A debut collection of linked stories about an adolescent girl in Florida and her sexual awakening.

Editorial Reviews

Katherine Wolff
Unlike other coming-of-age fiction, this collection flaunts its messy contradictions and offers no safe place from which to view the family's destruction. Georgia Under Water is as disturbing, and frequently as absorbing, as adolescence itself.
New York Times Book Review
Publishers Weekly - Publisher's Weekly
Too often collections of vaguely related stories are given chapter numbers and passed off as a novel; here what is essentially a novel is divided into short stories. The nine sections are chronological installments in the life of Georgia Jackson, from ages 12 through 15. Georgia lives in Daytona Beach and later Orlando, and comes from a deeply dysfunctional family. Her father, Buck, is an irresponsible alcoholic; her mother is depressed and irrational much of the time; her brother, Sid, is her mischievous ally at the beginning, but slowly drifts away. Though extremely bright, Georgia is, like most girls her age, confused about love and life in general. She is obsessed with her developing body and sexuality, but she often has to play the adult when dealing with her parents such as when her father gets drunk and makes a scene at a block party or when she is forced to hide out in an apartment with her mother, who sleeps in the tub. There is more than a hint of a not quite incestuous relationship between father and daughter, and it reaches a crescendo during a bizarre, seedy road trip to Atlanta. Sellers's prose is strong and vibrant, full of striking imagery and inventive turns of phrase. She perfectly captures the harrowing experience of adolescence and infuses even the darkest situations with an appealing absurdity. Readers will find it hard not to be charmed by Georgia's buoyant precociousness, and will want to read the gloomy final story as the end of her trial by fire and the beginning of a better life.

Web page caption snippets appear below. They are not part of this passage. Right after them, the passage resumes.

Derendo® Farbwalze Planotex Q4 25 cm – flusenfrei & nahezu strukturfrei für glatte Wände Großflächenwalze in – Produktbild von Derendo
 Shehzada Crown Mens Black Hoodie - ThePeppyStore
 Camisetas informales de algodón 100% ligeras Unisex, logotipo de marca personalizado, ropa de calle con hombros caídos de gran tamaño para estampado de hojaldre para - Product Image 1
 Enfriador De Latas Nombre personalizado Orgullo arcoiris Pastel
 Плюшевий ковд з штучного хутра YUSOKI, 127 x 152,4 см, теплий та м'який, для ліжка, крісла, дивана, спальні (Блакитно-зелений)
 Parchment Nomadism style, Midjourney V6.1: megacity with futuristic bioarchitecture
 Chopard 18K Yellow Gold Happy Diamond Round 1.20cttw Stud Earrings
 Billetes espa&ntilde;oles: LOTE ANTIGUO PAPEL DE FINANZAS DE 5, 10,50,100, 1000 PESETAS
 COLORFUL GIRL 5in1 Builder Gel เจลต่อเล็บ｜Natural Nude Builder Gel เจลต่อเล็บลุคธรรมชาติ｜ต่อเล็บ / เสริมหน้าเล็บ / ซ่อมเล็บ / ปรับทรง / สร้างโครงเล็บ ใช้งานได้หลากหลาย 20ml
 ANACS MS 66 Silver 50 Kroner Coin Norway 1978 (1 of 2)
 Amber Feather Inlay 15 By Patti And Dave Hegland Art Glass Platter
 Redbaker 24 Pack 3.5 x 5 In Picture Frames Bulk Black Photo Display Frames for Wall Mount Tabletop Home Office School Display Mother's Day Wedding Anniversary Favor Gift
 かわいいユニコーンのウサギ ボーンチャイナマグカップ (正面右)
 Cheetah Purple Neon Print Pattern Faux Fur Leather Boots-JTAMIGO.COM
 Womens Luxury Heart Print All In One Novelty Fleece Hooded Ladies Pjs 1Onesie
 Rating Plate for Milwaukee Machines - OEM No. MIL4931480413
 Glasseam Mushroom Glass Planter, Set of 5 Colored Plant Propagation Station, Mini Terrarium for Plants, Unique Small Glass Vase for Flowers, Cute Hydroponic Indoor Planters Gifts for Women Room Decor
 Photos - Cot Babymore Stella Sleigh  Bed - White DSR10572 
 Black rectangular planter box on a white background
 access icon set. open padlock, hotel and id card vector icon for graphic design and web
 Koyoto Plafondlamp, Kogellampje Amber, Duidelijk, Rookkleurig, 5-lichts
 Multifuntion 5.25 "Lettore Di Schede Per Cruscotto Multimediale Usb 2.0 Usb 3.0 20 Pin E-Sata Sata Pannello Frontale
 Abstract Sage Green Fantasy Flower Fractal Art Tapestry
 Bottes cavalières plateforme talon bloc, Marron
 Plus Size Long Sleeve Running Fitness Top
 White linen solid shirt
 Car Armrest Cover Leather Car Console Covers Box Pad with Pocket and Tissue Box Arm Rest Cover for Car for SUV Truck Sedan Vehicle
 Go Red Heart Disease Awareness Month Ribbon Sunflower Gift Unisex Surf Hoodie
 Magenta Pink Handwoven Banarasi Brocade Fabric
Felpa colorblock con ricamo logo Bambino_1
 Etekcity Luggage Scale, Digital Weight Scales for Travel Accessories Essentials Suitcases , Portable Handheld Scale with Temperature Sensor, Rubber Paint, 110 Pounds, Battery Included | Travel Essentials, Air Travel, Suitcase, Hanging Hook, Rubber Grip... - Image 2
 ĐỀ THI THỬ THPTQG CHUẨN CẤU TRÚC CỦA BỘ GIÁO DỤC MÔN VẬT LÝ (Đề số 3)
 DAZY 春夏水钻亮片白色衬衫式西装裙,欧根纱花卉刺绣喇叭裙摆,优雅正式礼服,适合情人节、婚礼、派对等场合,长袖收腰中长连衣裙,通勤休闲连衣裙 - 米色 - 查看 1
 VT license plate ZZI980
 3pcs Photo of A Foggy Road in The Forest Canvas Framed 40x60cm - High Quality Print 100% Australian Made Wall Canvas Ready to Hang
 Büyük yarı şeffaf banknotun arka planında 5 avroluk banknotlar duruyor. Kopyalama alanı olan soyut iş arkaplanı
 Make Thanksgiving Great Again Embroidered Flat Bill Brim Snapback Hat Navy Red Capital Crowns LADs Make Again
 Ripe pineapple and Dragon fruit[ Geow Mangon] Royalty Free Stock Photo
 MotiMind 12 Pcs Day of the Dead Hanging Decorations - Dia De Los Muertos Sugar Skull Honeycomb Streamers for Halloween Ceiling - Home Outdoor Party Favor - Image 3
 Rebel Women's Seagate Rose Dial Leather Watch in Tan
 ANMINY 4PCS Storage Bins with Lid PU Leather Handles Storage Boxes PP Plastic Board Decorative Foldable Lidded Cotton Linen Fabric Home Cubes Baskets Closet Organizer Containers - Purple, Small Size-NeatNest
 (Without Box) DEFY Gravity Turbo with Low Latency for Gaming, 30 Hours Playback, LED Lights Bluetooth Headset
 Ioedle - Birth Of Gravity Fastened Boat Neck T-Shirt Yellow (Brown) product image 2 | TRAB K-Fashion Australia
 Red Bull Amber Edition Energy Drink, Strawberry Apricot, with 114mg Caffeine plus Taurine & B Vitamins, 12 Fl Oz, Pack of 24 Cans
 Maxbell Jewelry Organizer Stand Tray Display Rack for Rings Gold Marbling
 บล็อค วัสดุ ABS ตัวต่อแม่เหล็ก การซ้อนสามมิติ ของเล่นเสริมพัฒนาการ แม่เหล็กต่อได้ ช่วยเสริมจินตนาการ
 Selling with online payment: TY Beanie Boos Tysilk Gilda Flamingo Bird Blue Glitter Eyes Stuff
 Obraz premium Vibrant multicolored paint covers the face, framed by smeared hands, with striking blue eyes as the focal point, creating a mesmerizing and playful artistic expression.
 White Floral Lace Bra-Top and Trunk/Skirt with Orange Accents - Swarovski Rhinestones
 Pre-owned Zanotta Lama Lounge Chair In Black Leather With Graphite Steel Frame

Copyright 2001 Cahners Business Information.
Library Journal
In "It's Water It's Not Going to Kill You," the first story in this eccentric, edgy collection, Georgia Jackson wonders if her parents "might be mental cases." This fretting echoes like a drumbeat in the pages that follow. Throughout these nine interconnected stories, Georgia and her brother, Sid, who swim in the ocean in Orlando nearly every waking moment, seem more like fish than humans. Sid enjoys hanging from the balcony railing by his feet, and their mother, Mary Carolyn, unhappy in her marriage and her life in general, curls up like a crab on the couch night after night. Buck Jackson, meanwhile, is oddly happy-go-lucky, blotting out the world with his drinking. In fact, he can't drive anywhere without a supply of plastic cups and booze bottles on his front seat. If her parents and brother aren't crazy, they are as close to it as they can get; neurotic behavior clings to them like mold on cheese. Georgia learns at a very young age (she is 12 when the book opens) to overcompensate for her parents' shortcomings Sid compensates by leaving home yet during this time she also grapples with the same issues that any adolescent would. The fact that she crosses the line at times and looks for attention in the wrong places is her own way of making up for what she doesn't get at home. These stories are provocative and melancholy; they will seep under your skin and stay there. Recommended for public library collections. Lisa Nussbaum, Dauphin Cty. Lib. Syst., Harrisburg, PA Copyright 2001 Cahners Business Information.
School Library Journal
Adult/High School-This smart, edgy book of interconnected stories follows Georgia Jackson from her 12th year through her 15th. Someone in the family seems always to be running away from home. Her depressed mother tries driving the family car into the Atlantic; her charming, alcoholic father says mildly, as though quitting a job, "I'm giving you my notice"; her younger brother and only friend goes off to live on a relative's farm. The protagonist has her own methods of escape: pretending to be drowning, dreaming of marriage to Oscar Love (a misfit with a "port-wine stain in the shape of Florida" on his cheek), and thinking constantly of sex while admittedly having no clear idea of what it entails. What she does know a lot about is her parents' problems and spectacles. Though her unstable home life causes her some embarrassment and anger, Georgia is mostly happy, and this is what makes her wonderfully unique and honest. She isn't a stock character who either wallows in her troubles or keeps her chin up, smiling through the tears. She cries and screams freely when necessary, then gets back to the business of being curious about human behavior, enjoying her gifted-and-talented science class, picking her scabs, and flirting with grocery clerks. Be prepared for some raw language, though none of it seems gratuitous. A memorable offering.-Emily Lloyd, Fairfax County Public Library, VA Copyright 2001 Cahners Business Information.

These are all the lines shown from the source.